Valutare le emozioni negli animali selvatici
Un nuovo studio esamina gli indicatori del benessere mentale negli animali selvatici per migliorare le attività di conservazione
[23 Maggio 2023]
Lo studio “Mental Experiences in Wild Animals: Scientifically Validating Measurable Welfare Indicators in Free-Roaming Horses”, pubblicato recentemente su Animals dagli australiani Andrea Harvey e David Mellor, del Centre for Compassionate Conservation dell’University of Technology Sydney, e dai neozelandesi Ngaio Beausoleil e Daniel Ramp dell’Animal Welfare Science and Bioethics Centre della Massey University, è il primo quadro olistico al mondo per la valutazione del benessere mentale e psicologico degli animali selvatici.
I ricercatori spiegano che «Il significato dello studio risiede nel suo potenziale di poter rivoluzionare le iniziative di conservazione.
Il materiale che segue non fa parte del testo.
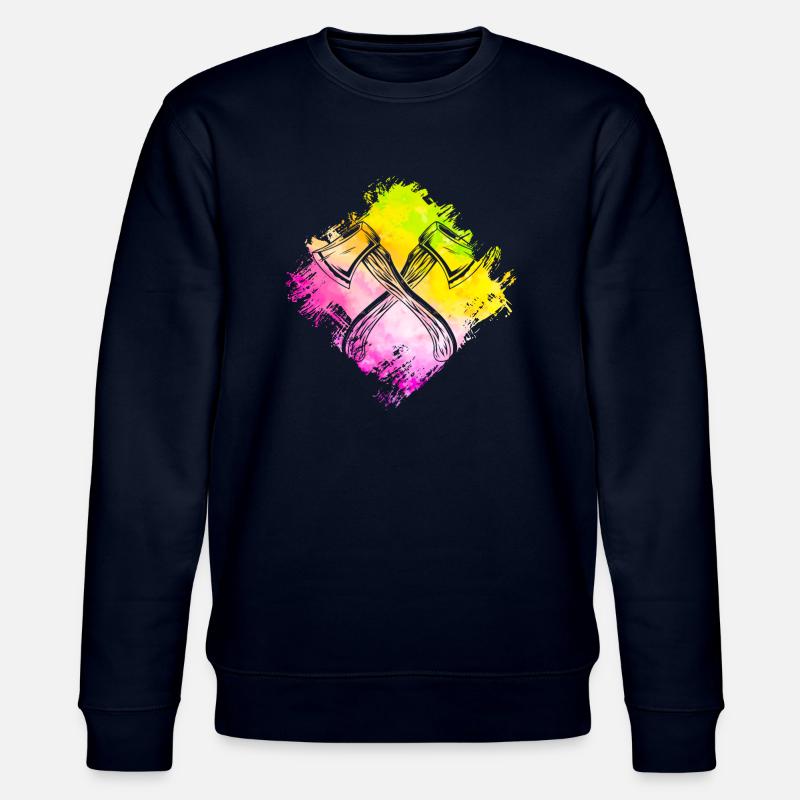 Lancer de hache - Sweat bio CHANGER Stanley/Stella Unisexe - marine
Invece di concentrarsi esclusivamente sul numero della popolazione e sul successo riproduttivo, la ricerca esplora la qualità della vita vissuta dagli animali selvatici. Questo cambiamento di prospettiva potrebbe fornire segnali di allerta precoce cruciali sulle sfide che affrontano le specie e sul declino della loro popolazione, portando a strategie di conservazione più efficaci».
La Harvey evidenzia che «Sebbene la ricerca sul benessere degli animali domestici e da allevamento sia stata considerevole, includendo indicatori di stati emotivi come stress, dolore e paura, il mio obiettivo è quello di colmare il gap esaminando le vite individuali, i sentimenti e le esperienze mentali degli animali selvatici. Una più profonda comprensione del benessere delle popolazioni di animali selvatici può non solo migliorare gli sforzi di conservazione, ma anche fornire un’indicazione dello stato dell’ambiente naturale e dei suoi legami riconosciuti con la salute e il benessere umano».
Lo studio, si concentra sui brumbies – cavalli selvaggi in libertà – delle regioni alpine australiane, ma il quadro che ne è emerso è ampiamente applicabile per valutare molte specie selvatiche. La Harvey ha scelto i brumbies perché il benessere dei cavalli è stato studiato negli ambienti domestici, facendo di questi animali un ponte con quelli selvatici.
Il suo quadro concettuale completo dello studio – “10 Stage Protocol“, include indicatori fisici e comportamentali per esperienze mentali sia negative che positive negli animali selvatici.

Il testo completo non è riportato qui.